** Dataset entries follows **
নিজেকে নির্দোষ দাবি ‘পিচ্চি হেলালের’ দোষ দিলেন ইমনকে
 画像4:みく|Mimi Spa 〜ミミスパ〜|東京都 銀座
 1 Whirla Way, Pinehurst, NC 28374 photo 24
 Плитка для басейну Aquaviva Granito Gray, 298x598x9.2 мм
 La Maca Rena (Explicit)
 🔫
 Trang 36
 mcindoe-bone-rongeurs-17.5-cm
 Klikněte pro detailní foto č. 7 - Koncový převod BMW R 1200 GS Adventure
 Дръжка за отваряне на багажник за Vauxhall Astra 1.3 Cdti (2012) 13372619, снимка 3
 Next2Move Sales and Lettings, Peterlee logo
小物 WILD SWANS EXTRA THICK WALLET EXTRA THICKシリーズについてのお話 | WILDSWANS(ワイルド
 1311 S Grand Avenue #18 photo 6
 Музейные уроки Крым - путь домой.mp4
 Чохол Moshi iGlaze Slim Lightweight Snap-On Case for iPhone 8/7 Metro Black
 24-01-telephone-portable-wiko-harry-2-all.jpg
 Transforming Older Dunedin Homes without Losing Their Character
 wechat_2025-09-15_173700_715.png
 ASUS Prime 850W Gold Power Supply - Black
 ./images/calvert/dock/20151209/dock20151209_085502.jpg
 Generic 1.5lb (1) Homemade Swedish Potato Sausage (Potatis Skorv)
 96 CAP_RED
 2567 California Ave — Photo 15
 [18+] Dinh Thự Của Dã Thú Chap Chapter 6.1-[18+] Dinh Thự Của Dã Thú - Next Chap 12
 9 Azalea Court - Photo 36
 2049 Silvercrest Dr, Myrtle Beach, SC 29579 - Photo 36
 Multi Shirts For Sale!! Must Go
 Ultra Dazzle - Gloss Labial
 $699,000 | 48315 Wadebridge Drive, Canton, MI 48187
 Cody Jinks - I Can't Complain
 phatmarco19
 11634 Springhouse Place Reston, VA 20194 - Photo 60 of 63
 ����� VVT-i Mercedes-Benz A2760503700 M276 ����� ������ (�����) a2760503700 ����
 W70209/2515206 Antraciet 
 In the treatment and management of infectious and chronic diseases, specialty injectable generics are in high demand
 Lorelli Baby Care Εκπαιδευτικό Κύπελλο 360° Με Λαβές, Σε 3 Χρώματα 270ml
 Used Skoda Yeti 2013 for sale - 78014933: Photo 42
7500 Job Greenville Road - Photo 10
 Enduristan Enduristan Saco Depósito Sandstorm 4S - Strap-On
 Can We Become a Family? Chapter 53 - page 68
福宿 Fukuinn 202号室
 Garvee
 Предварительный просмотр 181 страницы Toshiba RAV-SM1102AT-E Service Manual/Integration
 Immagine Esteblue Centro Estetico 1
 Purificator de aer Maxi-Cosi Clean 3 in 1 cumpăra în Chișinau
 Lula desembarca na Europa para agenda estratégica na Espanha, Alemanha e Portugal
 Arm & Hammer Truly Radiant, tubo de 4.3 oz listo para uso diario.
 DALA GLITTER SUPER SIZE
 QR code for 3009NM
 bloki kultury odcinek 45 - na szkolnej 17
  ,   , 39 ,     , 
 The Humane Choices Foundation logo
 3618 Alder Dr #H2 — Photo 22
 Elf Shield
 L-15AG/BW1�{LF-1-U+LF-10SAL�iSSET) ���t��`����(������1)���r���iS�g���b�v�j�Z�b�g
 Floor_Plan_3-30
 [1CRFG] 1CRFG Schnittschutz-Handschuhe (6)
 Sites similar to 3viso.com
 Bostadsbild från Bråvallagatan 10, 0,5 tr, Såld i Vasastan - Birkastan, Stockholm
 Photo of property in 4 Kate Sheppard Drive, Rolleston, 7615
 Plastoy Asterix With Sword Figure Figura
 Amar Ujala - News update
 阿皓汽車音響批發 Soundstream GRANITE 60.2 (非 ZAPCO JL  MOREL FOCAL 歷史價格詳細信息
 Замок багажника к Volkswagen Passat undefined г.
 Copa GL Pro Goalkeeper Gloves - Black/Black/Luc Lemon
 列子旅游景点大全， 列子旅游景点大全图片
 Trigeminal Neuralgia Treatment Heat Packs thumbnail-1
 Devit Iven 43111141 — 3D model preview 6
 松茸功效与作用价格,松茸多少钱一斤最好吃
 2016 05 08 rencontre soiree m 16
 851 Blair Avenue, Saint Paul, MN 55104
** End of Dataset entries **
▸ What is being asked:
Take each line of the material that contains the word "logo" and list it.

▸ Answer to this task:
 Next2Move Sales and Lettings, Peterlee logo
 The Humane Choices Foundation logo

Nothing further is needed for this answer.